The first twelve chapters are likely from Isaiah’s early years. This section of
the book is from Isaiah’s middle years. In these chapters, Isaiah turns his
attention from Judah and Israel to the nations surrounding her, Assyria,
Babylon, Egypt and Cush (modern Ethiopia), Tyre and Sidon, and Moab. Isaiah
warns these empires that though they see, and some may rejoice in, the fall of
Israel and Judah, the same God who judges the nation of God will judge them as
well.
Though
it may be difficult to read such portions of scripture, a passage like this one
can give us great hope. We may be encouraged to remember God's sovereignty over
the corruption of the empire of this fallen world. No matter how things appear
to be now, justice will be done. The kingdom of God has come. The kingdom is
coming.
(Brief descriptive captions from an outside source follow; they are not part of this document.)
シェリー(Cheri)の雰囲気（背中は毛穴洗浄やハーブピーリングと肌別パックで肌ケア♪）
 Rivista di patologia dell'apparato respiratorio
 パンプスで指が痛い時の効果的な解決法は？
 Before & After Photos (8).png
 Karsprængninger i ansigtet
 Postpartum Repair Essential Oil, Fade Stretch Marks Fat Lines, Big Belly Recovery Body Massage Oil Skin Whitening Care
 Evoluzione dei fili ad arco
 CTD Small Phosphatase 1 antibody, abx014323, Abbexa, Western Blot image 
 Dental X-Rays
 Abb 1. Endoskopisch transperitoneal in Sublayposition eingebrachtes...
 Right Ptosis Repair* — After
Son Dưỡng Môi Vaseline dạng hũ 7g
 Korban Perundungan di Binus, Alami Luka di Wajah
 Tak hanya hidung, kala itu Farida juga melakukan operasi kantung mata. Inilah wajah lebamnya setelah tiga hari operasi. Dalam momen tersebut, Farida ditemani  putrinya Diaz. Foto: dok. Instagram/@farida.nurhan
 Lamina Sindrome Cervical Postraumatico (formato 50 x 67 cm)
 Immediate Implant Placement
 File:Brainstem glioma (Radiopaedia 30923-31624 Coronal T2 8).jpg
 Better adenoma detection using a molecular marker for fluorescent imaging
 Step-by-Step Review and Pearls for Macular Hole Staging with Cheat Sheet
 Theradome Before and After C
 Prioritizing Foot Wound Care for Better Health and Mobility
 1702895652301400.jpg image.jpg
We long to see the growth of the living kingdom and the new earth fully
realized.
It
is right for us to deeply wish to see justice done, to see the wickedness of
this world finally be burned away. In Revelation 18-20, we hear the cry of the
righteous as they rejoice in the justice of the Great King, after the final
fall of Babylon. The kings of the earth mourn her loss. The citizens of the
kingdom praise God for the manifestation of his power and authority in her
judgment.
Isaiah 13:9-11
(ESVUK)
Behold, the day
of the Lord comes,
cruel, with wrath and fierce anger,
to make the land
a desolation
and to destroy its sinners from it.
For the stars of
the heavens and their constellations
will not give their light;
the sun will be
dark at its rising,
and the moon will not shed its light.
I will punish
the world for its evil,
and the wicked for their iniquity;
I will put an
end to the pomp of the arrogant,
and lay low the pompous pride of the
ruthless.
Here
is the Lord's declaration of judgment on Babylon, the great empire in which
God's people will live as exiles. Israel would live in Babylon as exiles and
then be brought out by God back into their land. Celestial bodies usually
represent the powers and authorities of the present age, and especially so in
prophetic books. Isaiah warns of a day when all the great lights of the earth,
the kings, governments, authorities, and judges, will turn dark at the blazing
brightness of God’s judgment.
Today, to live as citizens of the Kingdom of Heaven is to live in the earth that has not yet fully turned to justice. Like Israel in Babylon, we are also in a sort of exile. In both cases, God calls God’s covenant people to live as a blessing among their neighbours, to manifest the character of God to the world, to invite whoever would to leave the empire and join the forever family of the eternal kingdom.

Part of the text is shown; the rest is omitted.